Su questo fronte arriva l’allerta del Parco nazionale Monti Sibillini, che ha inviato una nota alla Regione e a tutti gli enti coinvolti in questa storia. Il Parco, da un lato, spiega di condividere le indicazioni della Regione che ritiene ci siano le condizioni per autorizzare una deroga al rilascio del ‘minimo deflusso vitale’, ma dall’altro evidenzia la presenza di alterazioni degli equilibri biologici del corso d’acqua. Soprattutto suggerisce di integrare le indicazioni della Regione con alcune misure: la prima è di individuare delle soluzioni alternative per l’approvvigionamento dell’acqua, da inserire in un piano da consegnare al Parco entro la fine di quest’anno.

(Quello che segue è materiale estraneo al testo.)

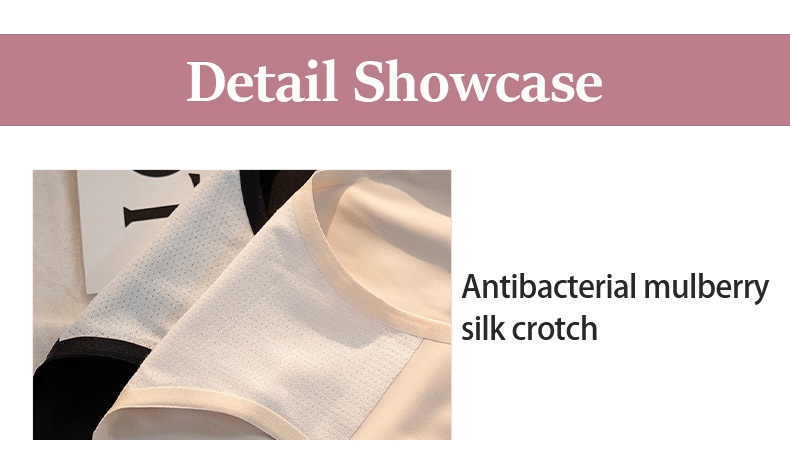 Detail showcase of antibacterial mulberry silk crotch lining VEIMIA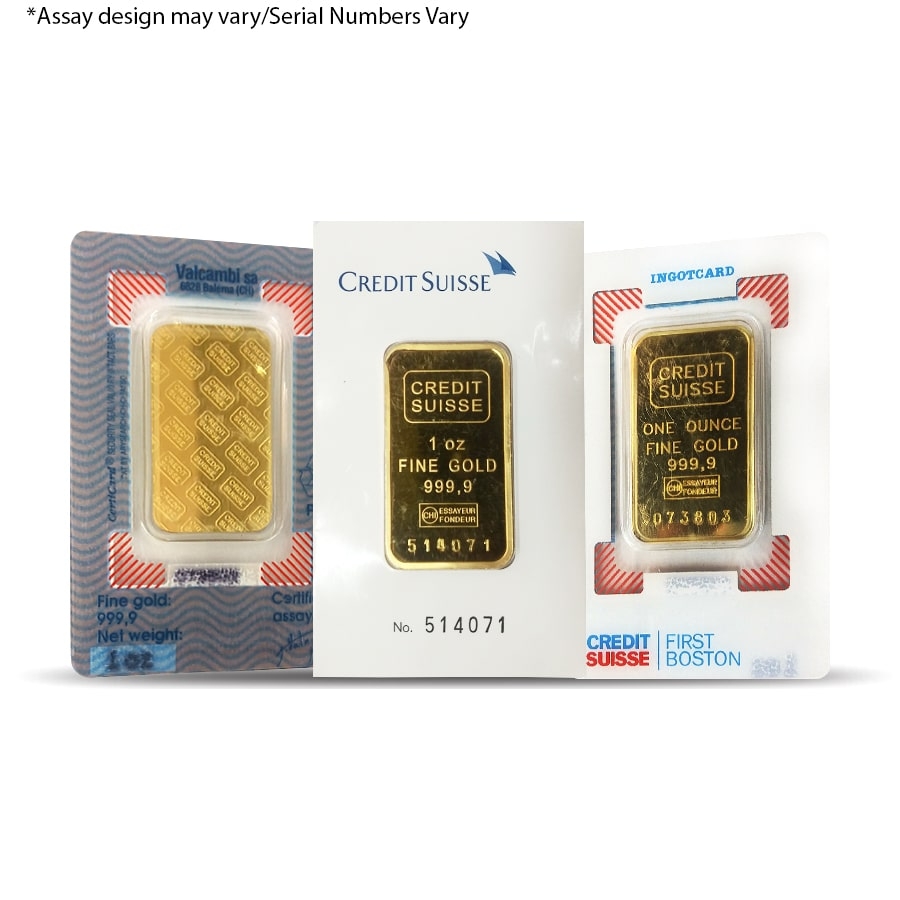 1 oz Credit Suisse Gold Bar .9999 Fine (Vintage Assay)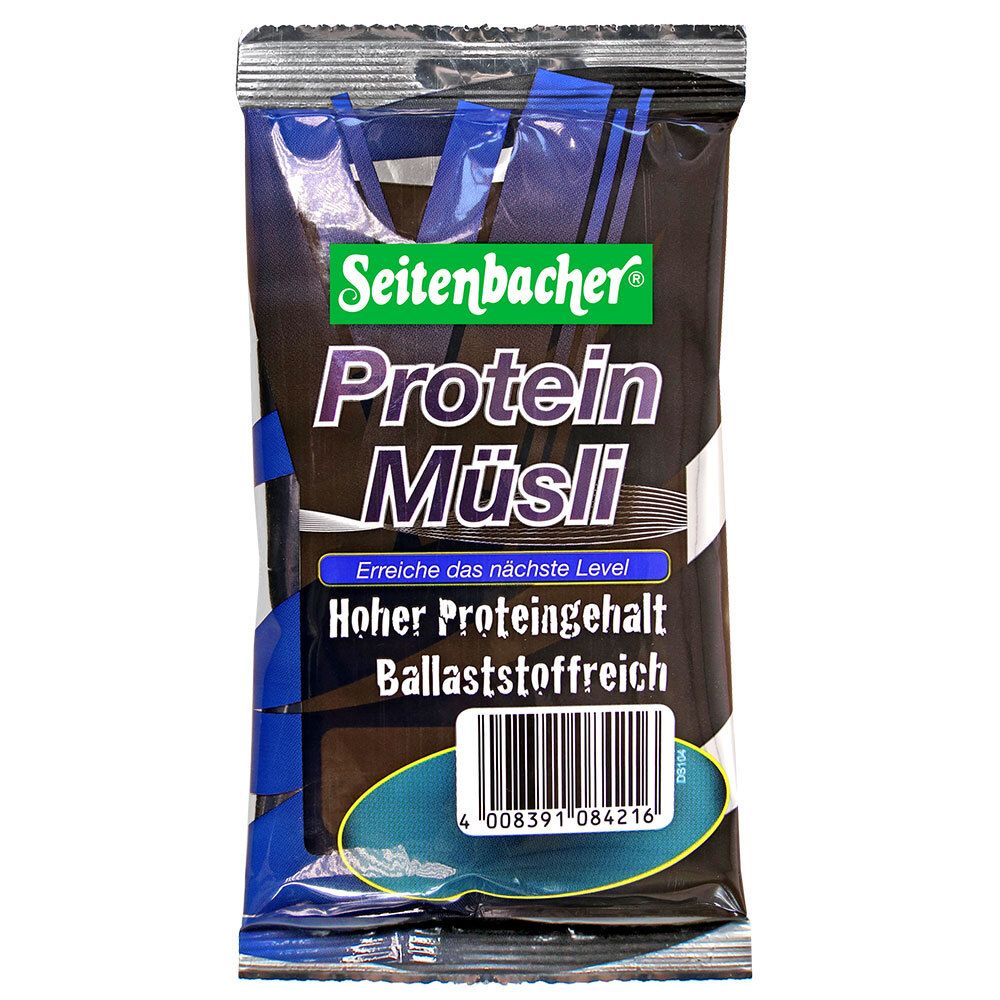 Seitenbacher Protein Müsli Portionsbeutel. Schwarze Verpackung mit Produktnamen und Logo. Text: Hoher Proteingehalt, ballaststoffreich.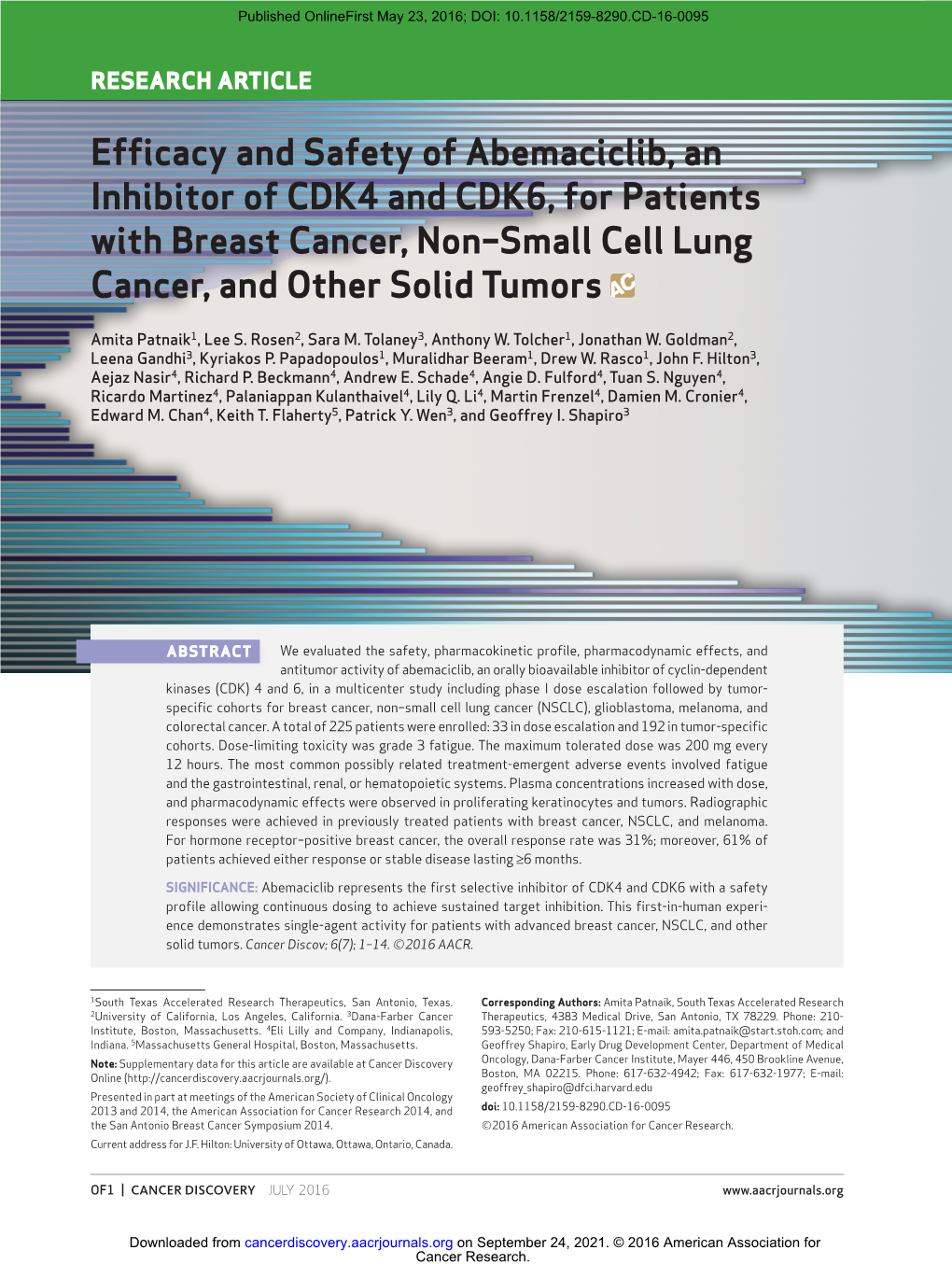 Efficacy and Safety of Abemaciclib, an Inhibitor of CDK4 and CDK6, for Patients with Breast Cancer, Non–Small Cell Lung Cancer, and Other Solid Tumors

Non va dimenticato che il 31 dicembre è il giorno in cui finirà lo stato d’emergenza per il sisma. Inoltre, il Parco chiede che questo piano contenga un cronoprogramma delle azioni da mettere in campo per ripristinare il ‘minimo deflusso vitale’ entro l’anno successivo, quindi per la fine del 2020. Tempi strettissimi, soprattutto perché l’attività di ricerca di nuovi fonti di approvvigionamento è piuttosto onerosa e difficilmente si riuscirebbe a portare a termine in così poco tempo. Ecco quindi che la situazione rischia di diventare più complicata di quanto è già: la Ciip potrebbe a questo punto pensare di rivolgersi ai Ministeri dell’ambiente e delle infrastrutture, e pure alla commissione europea. La questione ruota tutta intorno ai fondi: l’obiettivo infatti è far rientrare tutti questi problemi all’interno dello stato di emergenza del sisma, intercettando così risorse importanti per poter avviare un percorso strutturale necessario per uscire dalla crisi idrica del momento e per mettersi al riparo da rischi futuri.